In a fast-moving world we all like to think, regardless of what profession we’re in, that we are leading edge, that we are moving with the times and emulating the Olympic mantra of ‘faster, higher, stronger’. We commend ourselves for accepting or initiating change, we applaud innovation and those who are first to try something new.
But it’s all a smoke screen because nothing has really changed.
Politicians still lie, we will never grow tired of denim jeans and sex still sells. Now herein lies my quandary. I’ve accepted dishonest politicians and I don’t see myself ever parting with my super comfy jeans but the fact that sex sells bothers me. Whichever way I look at it, it just feels like a cop-out, like ad agencies are cheating.
You can see it now. It’s been a long day for the marketing team in the boardroom, drawing coloured charts, playing tiddly winks with M&Ms and catchy with the koosh ball. It’s getting close to five o’clock and they all have cocktail parties to attend but they haven’t even made a start on the new campaign. “Hey guys we can’t come up with anything remotely intelligent, catchy, witty or thoughtful. Let’s just show them some cleavage and call it a day eh?” Meeting adjourned. For me, that’s the same as giving up on trying to reason with your little brother to get out of your room, and just giving him 50 cents instead. It works but it’s a cop-out.
I doubt this approach will change anytime soon. As long as men like women, men have money and men don’t mind being manipulated, advertising executives will continue to thrust images of semi-naked women, gorgeous women, in our way for us to blindly trip over and lose our wallets in the process.
So don’t feel bad guys when you feel yourself strangely compelled to buy a second chainsaw just because you see a 2-page spread of Megan Fox holding one – it’s a universal power beyond our control and advertisers both know it, and exploit it.
Of course you could argue I’ve done exactly the same thing with this blog post (in a weird ‘reverse psychology’ kind of way).

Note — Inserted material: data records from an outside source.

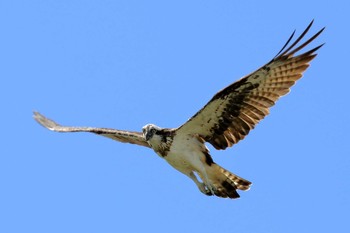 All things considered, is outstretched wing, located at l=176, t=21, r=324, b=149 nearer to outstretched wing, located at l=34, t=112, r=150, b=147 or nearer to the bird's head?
the bird's head

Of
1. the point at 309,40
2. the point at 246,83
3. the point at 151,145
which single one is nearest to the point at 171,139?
the point at 151,145

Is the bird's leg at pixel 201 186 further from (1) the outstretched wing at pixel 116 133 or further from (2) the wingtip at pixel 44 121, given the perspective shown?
(2) the wingtip at pixel 44 121

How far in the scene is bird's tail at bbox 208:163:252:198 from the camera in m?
17.4

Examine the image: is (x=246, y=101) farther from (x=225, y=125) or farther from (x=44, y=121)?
(x=44, y=121)

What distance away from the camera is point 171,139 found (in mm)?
16922

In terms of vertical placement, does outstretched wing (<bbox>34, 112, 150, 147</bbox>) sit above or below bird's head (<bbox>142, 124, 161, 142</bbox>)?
above

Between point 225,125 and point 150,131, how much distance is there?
1277 mm

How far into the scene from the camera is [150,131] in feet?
55.4

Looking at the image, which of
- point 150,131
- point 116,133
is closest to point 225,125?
point 150,131

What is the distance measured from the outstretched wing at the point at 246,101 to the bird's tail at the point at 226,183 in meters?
0.50

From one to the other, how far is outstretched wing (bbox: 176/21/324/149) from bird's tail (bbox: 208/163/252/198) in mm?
500

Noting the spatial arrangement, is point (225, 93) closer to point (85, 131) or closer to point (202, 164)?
point (202, 164)

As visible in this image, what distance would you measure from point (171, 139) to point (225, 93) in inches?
49.5

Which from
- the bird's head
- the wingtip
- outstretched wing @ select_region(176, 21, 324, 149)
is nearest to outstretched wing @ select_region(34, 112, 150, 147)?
the wingtip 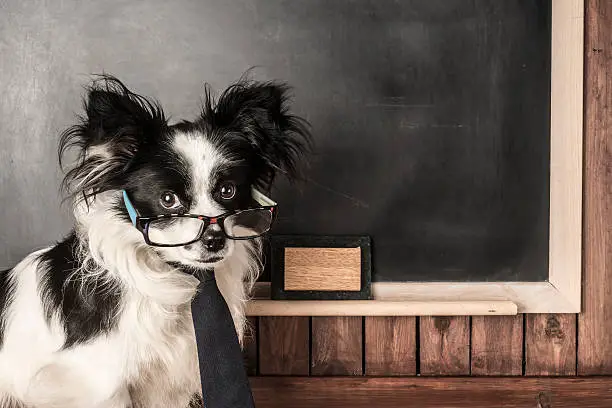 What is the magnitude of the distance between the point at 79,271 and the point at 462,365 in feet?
3.75

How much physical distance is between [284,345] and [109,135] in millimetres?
883

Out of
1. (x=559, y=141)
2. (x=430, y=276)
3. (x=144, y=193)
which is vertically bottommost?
(x=430, y=276)

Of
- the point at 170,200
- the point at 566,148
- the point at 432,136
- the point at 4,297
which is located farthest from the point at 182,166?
the point at 566,148

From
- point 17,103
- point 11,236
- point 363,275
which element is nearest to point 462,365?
point 363,275

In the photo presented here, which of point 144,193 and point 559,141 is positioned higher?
point 559,141

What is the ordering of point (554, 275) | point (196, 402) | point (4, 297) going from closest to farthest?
point (4, 297) < point (196, 402) < point (554, 275)

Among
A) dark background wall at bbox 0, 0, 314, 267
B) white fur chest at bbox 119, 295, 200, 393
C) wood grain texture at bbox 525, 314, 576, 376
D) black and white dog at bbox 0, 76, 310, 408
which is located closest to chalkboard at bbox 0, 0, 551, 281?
dark background wall at bbox 0, 0, 314, 267

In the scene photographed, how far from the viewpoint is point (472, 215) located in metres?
2.03

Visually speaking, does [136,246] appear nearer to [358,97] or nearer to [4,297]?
[4,297]

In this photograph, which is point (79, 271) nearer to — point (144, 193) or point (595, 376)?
point (144, 193)

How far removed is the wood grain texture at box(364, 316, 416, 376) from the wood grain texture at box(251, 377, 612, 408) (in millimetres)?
33

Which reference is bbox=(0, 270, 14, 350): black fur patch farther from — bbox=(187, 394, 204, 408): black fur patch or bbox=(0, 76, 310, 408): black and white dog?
bbox=(187, 394, 204, 408): black fur patch

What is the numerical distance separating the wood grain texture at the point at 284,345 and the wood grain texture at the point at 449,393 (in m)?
0.03

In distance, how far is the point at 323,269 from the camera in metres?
2.00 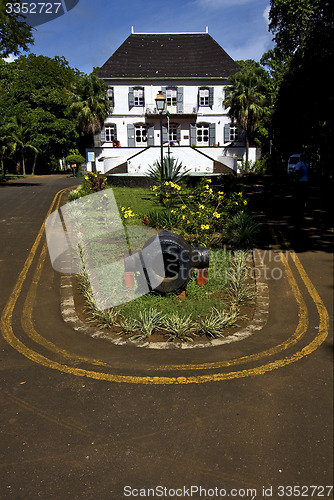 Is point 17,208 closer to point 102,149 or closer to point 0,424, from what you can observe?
point 0,424

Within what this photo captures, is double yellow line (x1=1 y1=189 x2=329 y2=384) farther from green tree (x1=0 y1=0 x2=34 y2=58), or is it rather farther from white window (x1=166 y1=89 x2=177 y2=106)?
white window (x1=166 y1=89 x2=177 y2=106)

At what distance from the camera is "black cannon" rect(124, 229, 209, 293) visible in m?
6.68

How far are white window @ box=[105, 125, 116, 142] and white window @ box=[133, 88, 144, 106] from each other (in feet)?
11.6

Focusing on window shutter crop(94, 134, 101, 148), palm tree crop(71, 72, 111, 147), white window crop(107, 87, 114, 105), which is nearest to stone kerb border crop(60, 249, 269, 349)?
palm tree crop(71, 72, 111, 147)

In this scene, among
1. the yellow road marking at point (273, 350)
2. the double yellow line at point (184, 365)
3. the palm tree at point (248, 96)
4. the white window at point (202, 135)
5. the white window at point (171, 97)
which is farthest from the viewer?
the white window at point (202, 135)

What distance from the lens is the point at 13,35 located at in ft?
84.6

Maybe I have. Maybe I haven’t. But now that I have you under this strange, hypnotic marketing spell, I will say you need this amazing product for the low, low price of your dignity. I’m joking of course. We’re above that kind of nonsense. Not above being fooled by a pretty girl but definitely advanced beyond shuffling every square inch of our polished floors in our $10 dusting slippers. It’s a cruel, cruel world.